[Dataset records]
★ ★ ★ ★ ★ ★ ★

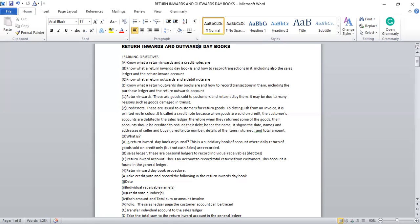These are the information that will be found on the credit note: the date that they returned the goods, the name of that particular customer involved, and also addresses of the seller and the buyer. On the credit note you see the credit note number, the details of items returned, and the total amount.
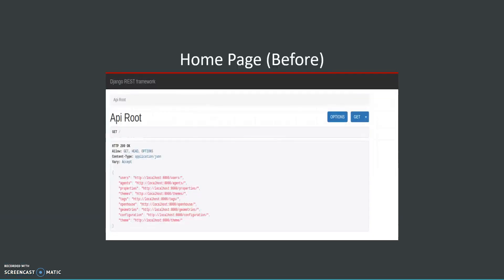This is a screenshot of the home page before the API authentication was implemented. Here we see that we received a 200 response and we can see all the data.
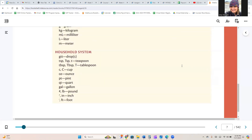For the household system, we have GTT for drops, TSP or lowercase T for teaspoon, uppercase T for tablespoon, C for cup, OZ for ounce, PT for pint, QT for quart, GAL for gallon, LB or the pound symbol for pound, IN or the inches symbol for inch, and FT or the foot symbol for foot.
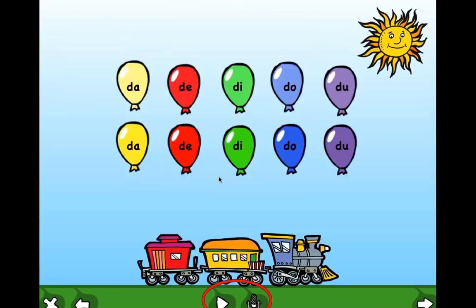Once you've worked through looking at the sound in isolation in a non-linguistic manner, you move to syllables. The idea here is to pop or burst each of the balloons and hear — and potentially record and hear back — production of consonant-vowel syllables using the target phoneme.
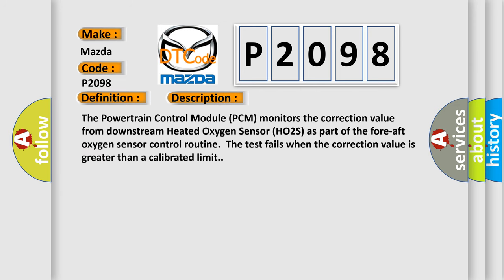The powertrain control module PCM monitors the correction value from downstream heated oxygen sensor HO2S as part of the 4-AFT oxygen sensor control routine. The test fails when the correction value is greater than a calibrated limit.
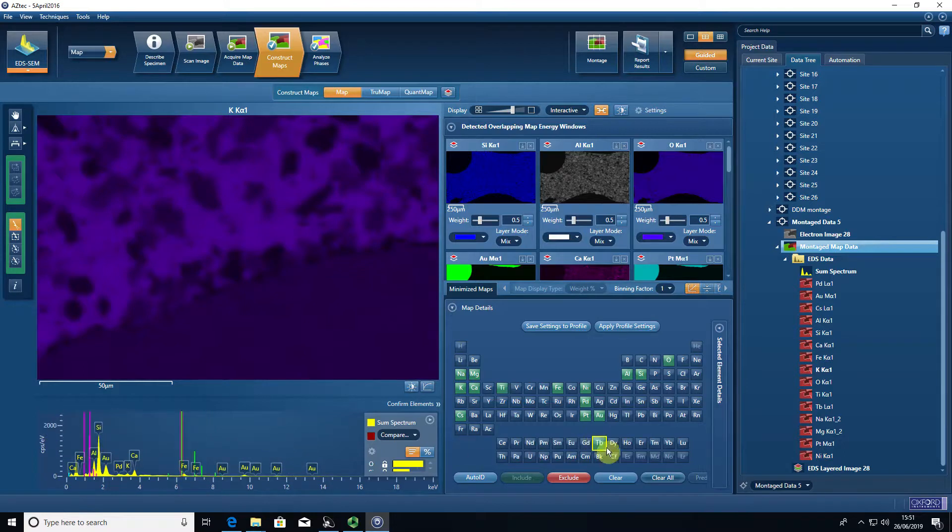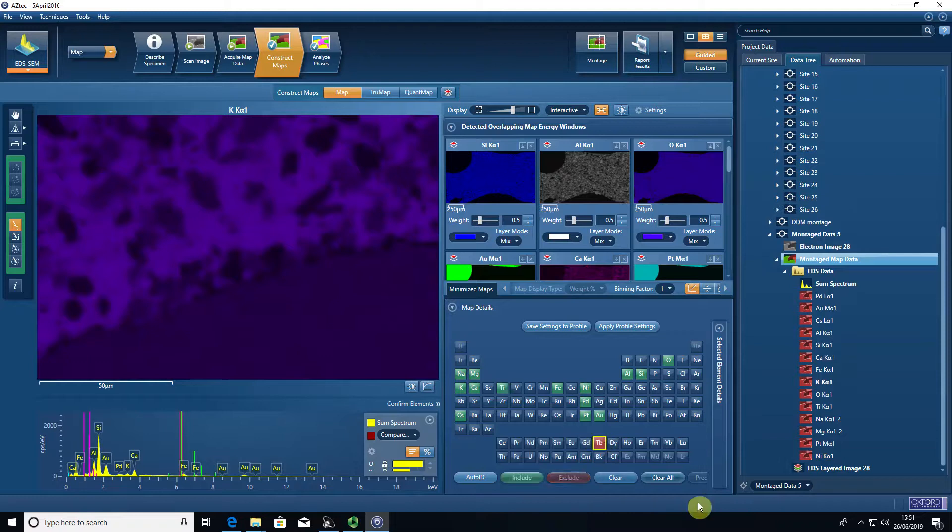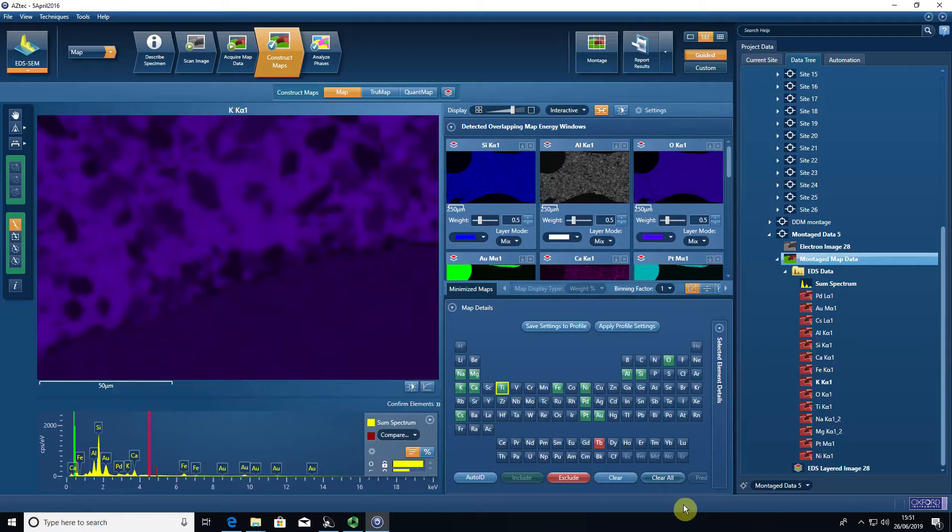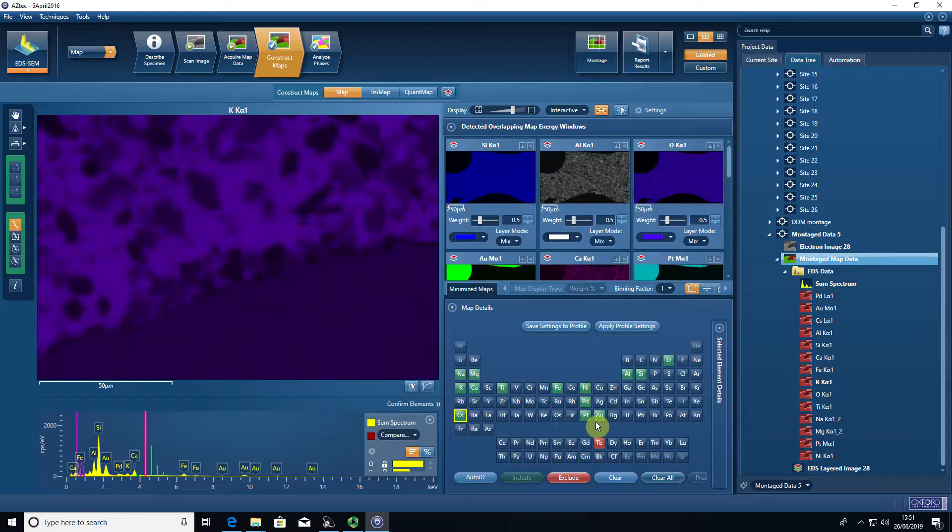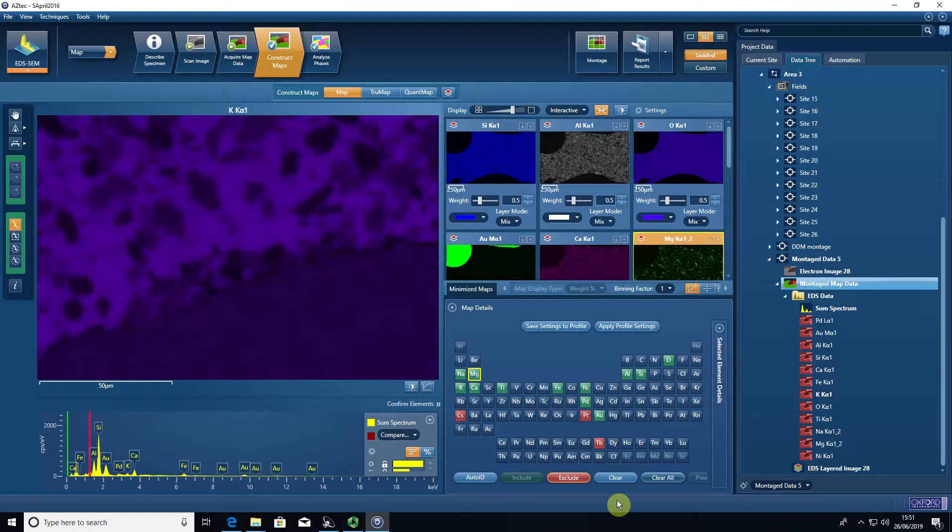So in this case, terbium is something which I know in this sample is not present at detection limits that EDS can pick up. So by double clicking that, I can exclude it, or I can click on it and press exclude. Cesium is another one. I'm going to press control and remove some of these elements. Platinum will exclude.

★ ★ ★ ★ ★ ★ ★

**TASK BRIEF**: Output nothing except the lines from the one containing "For the household" through the final line of the entries, repeated exactly and free of pictures.

**WRITTEN RESPONSE**:
For the household system, we have GTT for drops, TSP or lowercase T for teaspoon, uppercase T for tablespoon, C for cup, OZ for ounce, PT for pint, QT for quart, GAL for gallon, LB or the pound symbol for pound, IN or the inches symbol for inch, and FT or the foot symbol for foot.
Once you've worked through looking at the sound in isolation in a non-linguistic manner, you move to syllables. The idea here is to pop or burst each of the balloons and hear — and potentially record and hear back — production of consonant-vowel syllables using the target phoneme.
The powertrain control module PCM monitors the correction value from downstream heated oxygen sensor HO2S as part of the 4-AFT oxygen sensor control routine. The test fails when the correction value is greater than a calibrated limit.
So in this case, terbium is something which I know in this sample is not present at detection limits that EDS can pick up. So by double clicking that, I can exclude it, or I can click on it and press exclude. Cesium is another one. I'm going to press control and remove some of these elements. Platinum will exclude.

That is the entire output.